National teams comprised of mostly NBA players have an obvious advantage over their opponents. It’s no coincidence that the United States has utterly dominated FIBA and Olympic play since the league allowed its stars to perform on the international stage in 1992. But there’s an inherent detriment to utilizing rosters filled with top-tier talent for the most fortunate countries, and its one that came back to bite the Americans just past the turn of the century: A lack of continuity and comfort compared to the competition.
Canada is experiencing that necessary evil at the ongoing FIBA Americas, a qualifying event for next summer’s Rio de Janeiro Olympics in Rio de Janeiro. Coach Jay Triano, an assistant with Portland Trail Blazers, has nine NBA players at his disposal in Mexico City, including reigning of Rookie of the Year Andrew Wiggins, former No. 1 overall pick Anthony Bennett, and Boston Celtics big man Kelly Olynyk.
Without question, Canada is the most talented team in the tournament. But inexperience and unfamiliarity has caught up to our northern neighbors regardless, as evidenced by an opening game loss to Argentina and frequent defensive missteps that simply shouldn’t take place with any regularity at this level of the game. Offensively, though, the Canadians have thrived, relying on athleticism, dribble penetration, and difficult shot-making to put up points with relative ease.
When Triano’s team stays true to their called offensive sets, though, it’s something close to dominant – as this high-flying alley-oop finish by Bennett in an easy win over Venezuela makes abundantly clear. Canada has run this play to success in each of its three Americas games thus far. Its crux is performed in the NBA on a regular basis, a nuance called “shorting” the pick-and-roll that takes advantage of a scrambling defense to produce an easy layup.
The set begins with Bennett setting a high ball-screen for Corey Joseph. As the man guarding the Minnesota Timberwolves forward corrals the ball, Bennett quickly dives to the rim. Olynyk, stationed on the strong-side block as the first action begins, dashes toward the elbow to receive a pass – “shorting” an expected dish from Joseph to the roller.

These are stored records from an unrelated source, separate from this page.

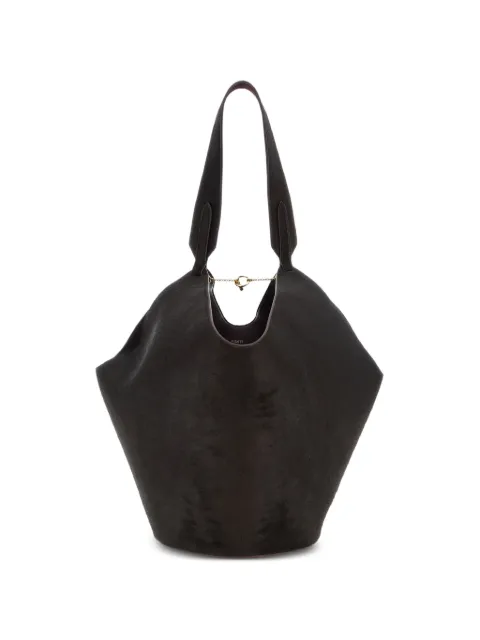 KHAITE small Lotus sculptural tote bag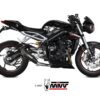 Mivv Slip-On X-M5 black Triumph Street Triple R / S / RS 2017-23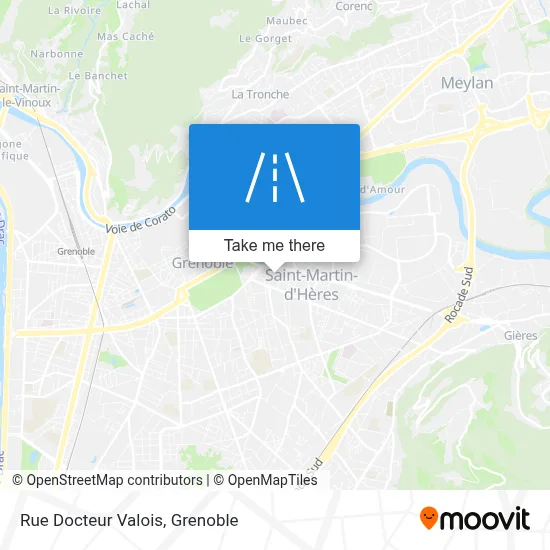 Rue Docteur Valois map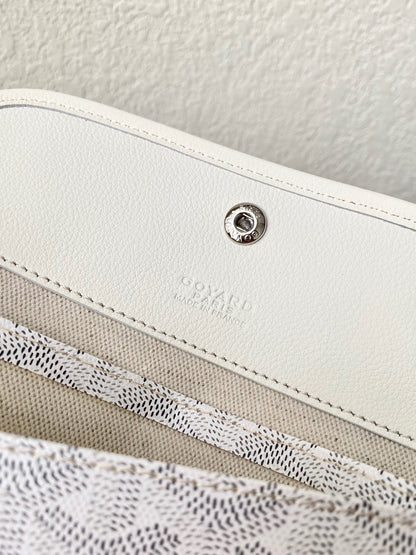 GOYARD SAINT LOUIS GM 40CM WHITE CANVAS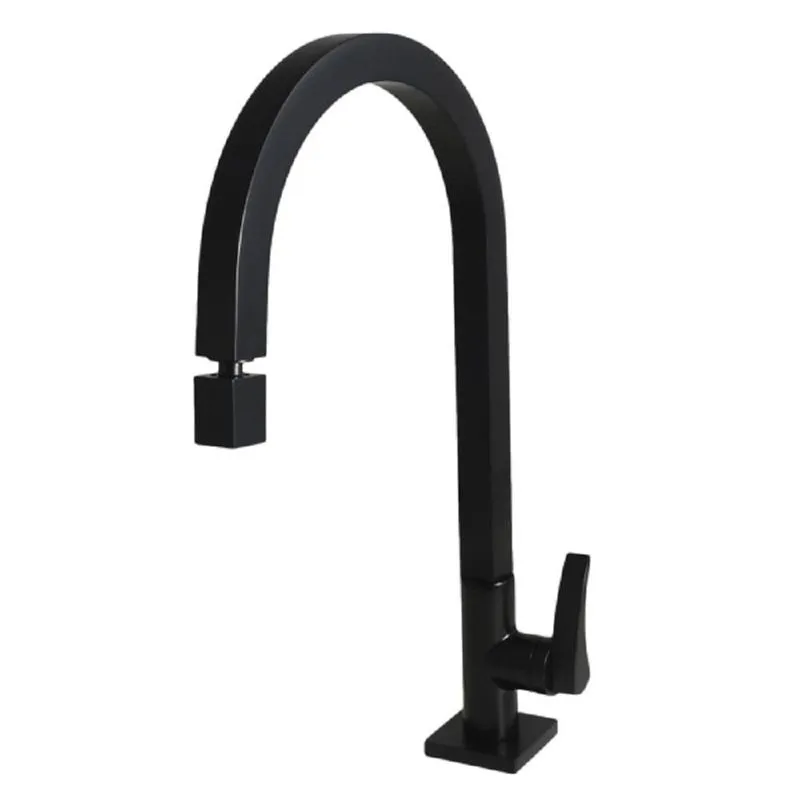 Torneira Cozinha Bica Movel Perflex Strauss Preto F 10750924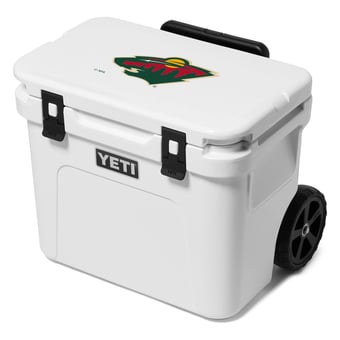 YETI Minnesota Wild Roadie 32 Wheeled Cooler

That eventual pass puts the last line of defense in a questionable position: Should he tag the roller or stay attached to a shooter in the far corner? Triano makes that decision even more difficult by stationing Nik Stauskas, an absolute marksman, opposite the play. The Venezuelan guarding Stauskas sticks to him, and Olynyk’s man takes the bait by following the Celtics big to the elbow.